On the integrability of stellar motion in an accelerated logarithmic potential

TL;DR

This paper investigates whether stellar motion in an accelerated logarithmic potential, modeling stars in a galaxy with winds, is integrable, finding evidence of non-integrability and chaotic behavior through numerical analysis.

Contribution

It provides the first numerical evidence that stellar motion in an accelerated logarithmic potential is non-integrable, highlighting the role of wind-induced acceleration.

Findings

Motion is non-integrable, with chaotic diffusion observed.

Chaotic behavior persists across various angular momenta.
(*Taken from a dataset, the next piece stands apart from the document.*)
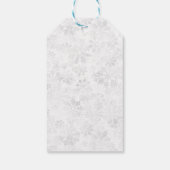 Personalisierter Weihnachtsgeschenk-Tag mit niedli Geschenkanhänger (Rückseite)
Chaos is prominent in the outer galaxy regions.

Abstract

An accelerated logarithmic potential models the mean motion of stars in a flat rotation curve galaxy that sustains a wind system. For stars outside the galactic wind launching region, the asymmetric removal of linear momentum by the wind is seen as a perturbing acceleration superimposed onto the galactic potential. We study the integrability of stellar motion in an accelerated logarithmic potential. We use surfaces of section of the dynamical system to probe the integrability of motion. We provide numerical evidence that motion in an accelerated logarithmic potential is non-integrable. Large scale chaotic diffusion occurs for lower values of the projected angular momentum along the direction of acceleration and persists at all values of the angular momentum in the outer part of the galaxy inside the truncation radius where the galactic acceleration balances the wind-induced acceleration.